Information shown Start Marker

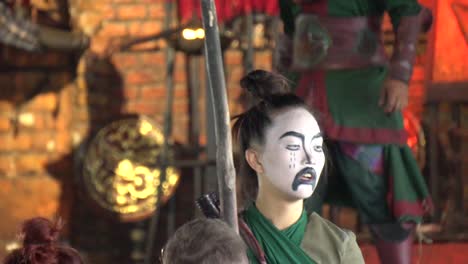 Masked-Actress-in-Traditional-Thai-Costume-During-Open-Air-Play-in-Ancient-Siam,-Erawan-National-Park,-Thailand,-Slow-Motion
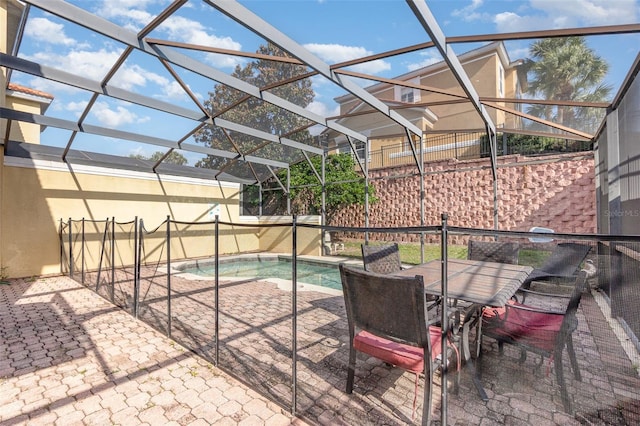 view of patio / terrace with a fenced in pool and a lanai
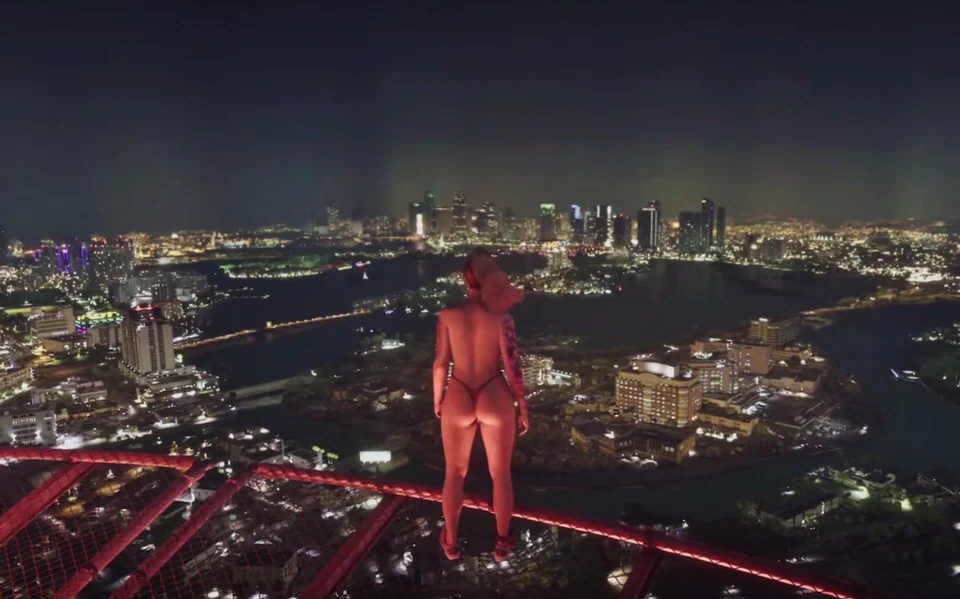 A frame from An Extended Leek showing a character on a bridge above a city at night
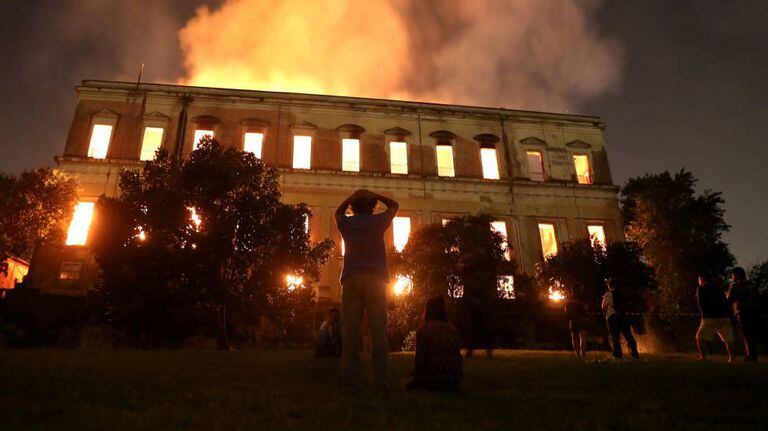 Pessoas observam como as chamas destroem o Museu Nacional.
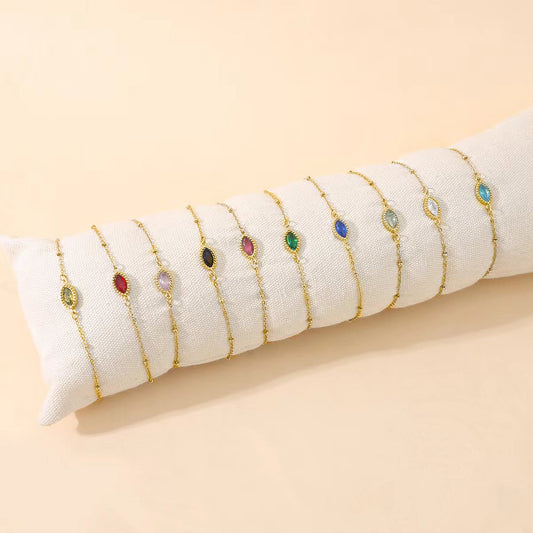 Lot de 12 Bracelets Dorés Avec Pierre Ovale Colorée sur Coussin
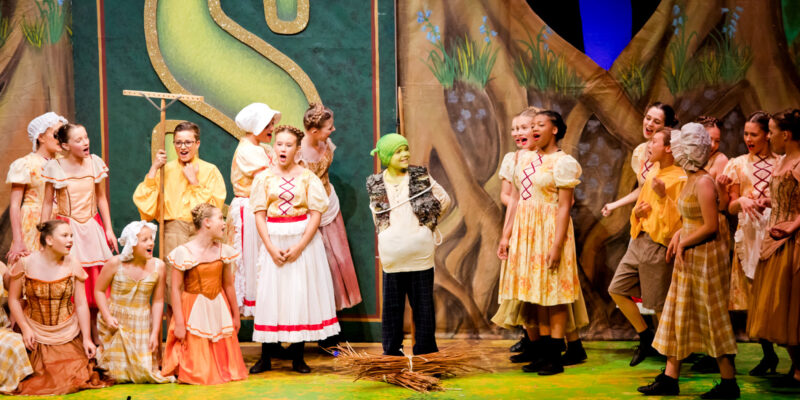Children perform in Shrek The Musical. One child in the centre is dressed in a green hat with green facepaint, and two groups of children either side wear medieval-style costumes and are singing.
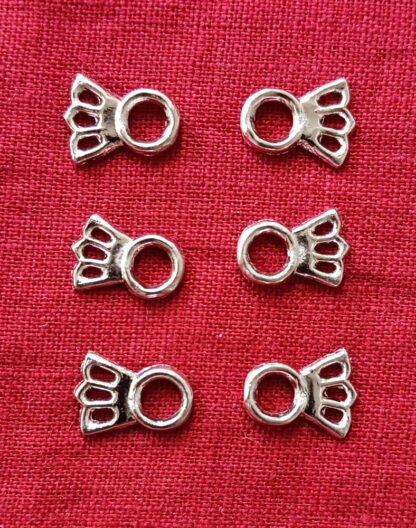 Three pairs of Comet Lacing Eyelets.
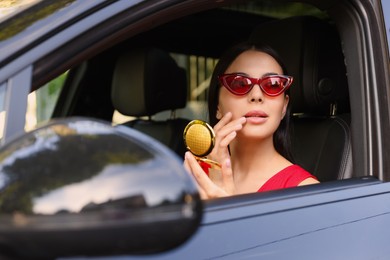 Beautiful young woman with cosmetic pocket mirror in car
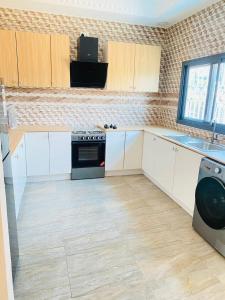 a kitchen with white cabinets and a stove at Amie's Villa Apartment in Jarbang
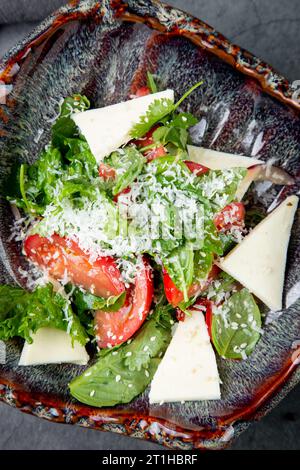 Salat mit Tomaten, Fetakäse, Salat und Petersilie in einer ungewöhnlichen Schüssel von oben Stockfoto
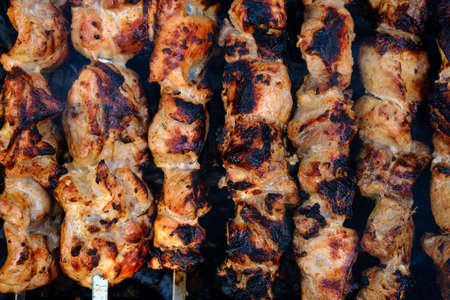 Preparation of shish kebab on outdoor charcoal grill.の写真素材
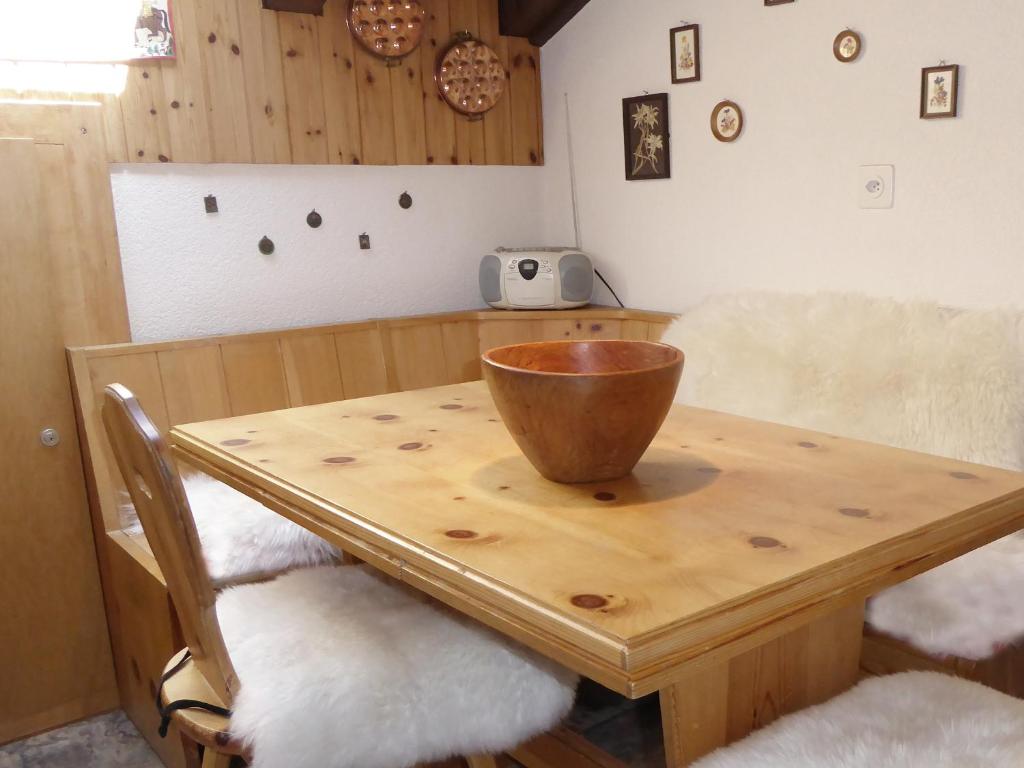 a wooden table with a bowl on top of it at Chalet Memory in Zermatt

Information shown End Marker

▶ **Exercise details**: In the copy, include exactly the lines from the one with "Beautiful young woman" through the final line of the entries above, both ends counted, and no pictures.

▶ **Answer space**:
 Beautiful young woman with cosmetic pocket mirror in car
 a kitchen with white cabinets and a stove at Amie's Villa Apartment in Jarbang
 Salat mit Tomaten, Fetakäse, Salat und Petersilie in einer ungewöhnlichen Schüssel von oben Stockfoto
 Preparation of shish kebab on outdoor charcoal grill.の写真素材
 a wooden table with a bowl on top of it at Chalet Memory in Zermatt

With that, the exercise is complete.